Houseplants can be a proving ground for gardeners. You can have good luck with supposedly temperamental orchids and lousy luck with easy-as-pie succulents.
Because home environments vary in light, temperature and humidity, finding the balance that works for your houseplant is the key to indoor gardening happiness.
Generally speaking, houseplants flourish with temperatures in the range of 60 to 75 degrees, and tropicals like humidity between 50 and 70 percent. This is cooler and more humid than the average home.
To increase humidity, mist tropical plants. They also like lots of light and your home’s available light may need to be supplemented with grow lights to give your houseplants what they need.
To get the most out of your houseplants, “read” them. As you conduct the triage, look for signs of stress:
- Are the leaves yellow? It could be that your plant is overwatered. Make sure your plant has adequate drainage and back off on the watering regimen.

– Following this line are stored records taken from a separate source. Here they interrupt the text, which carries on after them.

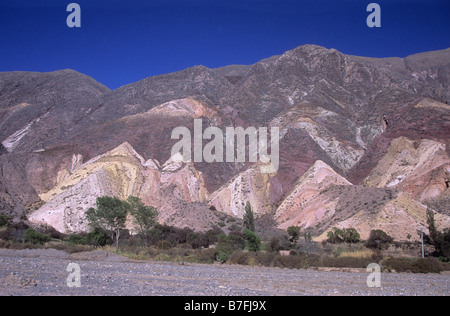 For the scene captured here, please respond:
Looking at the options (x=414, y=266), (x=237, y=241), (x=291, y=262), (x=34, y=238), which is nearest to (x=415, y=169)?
(x=237, y=241)

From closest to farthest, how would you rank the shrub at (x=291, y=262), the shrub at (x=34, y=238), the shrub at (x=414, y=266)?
the shrub at (x=414, y=266), the shrub at (x=291, y=262), the shrub at (x=34, y=238)

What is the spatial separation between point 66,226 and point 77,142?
19.9 m

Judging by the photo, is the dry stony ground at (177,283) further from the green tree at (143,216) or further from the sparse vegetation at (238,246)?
the green tree at (143,216)

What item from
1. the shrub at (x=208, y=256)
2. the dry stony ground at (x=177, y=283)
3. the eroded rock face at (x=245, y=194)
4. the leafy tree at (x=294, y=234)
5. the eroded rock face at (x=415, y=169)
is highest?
the eroded rock face at (x=415, y=169)

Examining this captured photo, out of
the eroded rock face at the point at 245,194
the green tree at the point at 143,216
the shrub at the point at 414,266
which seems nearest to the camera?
the shrub at the point at 414,266

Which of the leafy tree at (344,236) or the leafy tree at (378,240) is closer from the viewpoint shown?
the leafy tree at (378,240)

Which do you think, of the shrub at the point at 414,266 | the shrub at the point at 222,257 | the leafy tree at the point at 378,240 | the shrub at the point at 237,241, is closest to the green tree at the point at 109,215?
the shrub at the point at 237,241

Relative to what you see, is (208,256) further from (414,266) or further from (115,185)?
(115,185)

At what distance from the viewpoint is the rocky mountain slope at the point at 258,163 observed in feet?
139

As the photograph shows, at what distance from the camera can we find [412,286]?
13484mm

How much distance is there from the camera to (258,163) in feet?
175

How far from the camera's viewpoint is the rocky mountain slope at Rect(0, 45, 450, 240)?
1668 inches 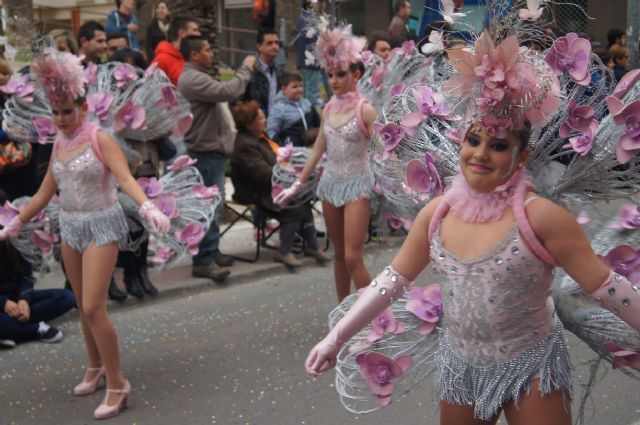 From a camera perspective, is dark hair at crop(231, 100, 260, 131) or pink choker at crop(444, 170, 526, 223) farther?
dark hair at crop(231, 100, 260, 131)

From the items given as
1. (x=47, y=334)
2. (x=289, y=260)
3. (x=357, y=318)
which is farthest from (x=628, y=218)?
(x=289, y=260)

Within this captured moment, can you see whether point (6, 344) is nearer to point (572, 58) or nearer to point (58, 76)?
point (58, 76)

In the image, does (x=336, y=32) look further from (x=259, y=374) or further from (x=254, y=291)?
(x=254, y=291)

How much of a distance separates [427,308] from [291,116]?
5.72 metres

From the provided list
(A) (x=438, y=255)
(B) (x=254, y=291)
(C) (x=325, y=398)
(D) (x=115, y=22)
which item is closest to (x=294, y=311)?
(B) (x=254, y=291)

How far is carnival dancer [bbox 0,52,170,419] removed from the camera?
15.6 ft

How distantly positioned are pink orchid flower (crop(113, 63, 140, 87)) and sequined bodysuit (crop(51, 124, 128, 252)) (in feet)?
2.80

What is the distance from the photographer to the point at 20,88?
5.84 metres

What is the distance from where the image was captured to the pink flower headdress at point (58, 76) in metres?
4.74

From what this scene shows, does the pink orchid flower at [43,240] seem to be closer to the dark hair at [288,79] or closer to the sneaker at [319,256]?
the sneaker at [319,256]

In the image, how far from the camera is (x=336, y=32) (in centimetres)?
584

- Are the leaves curling? Administer water, stat.
- Are there unwelcome visitors on your plant? Webs and white stuff are the clues there. Read up on care for pest-stricken houseplants.
In the event of more serious problems and you suspect that the plant is not long for this world, check the stem. If there is any bit of green in the stem, and it’s pliable and firm, there’s hope.
Next, check the roots. As with the stem, you want the roots to be pliable and firm. If they are slimy or dried up, trim them away.
If there is no sign of life, toss the plant and start over. Review our list of 5 Houseplants You Can’t Kill for plants that can handle a bit of neglect.
If there is reason for hope, shake out the soil, and repot it with fresh potting mix. Place it in a space with about half as much light as is normally recommended. Administer water, and water again only when the soil is just moist to the touch, but not wet.
Continue treatment and check over the next few weeks to see if there is new growth. If not, then trim more of the dead stems and roots and continue in a location with half the recommended light allowance.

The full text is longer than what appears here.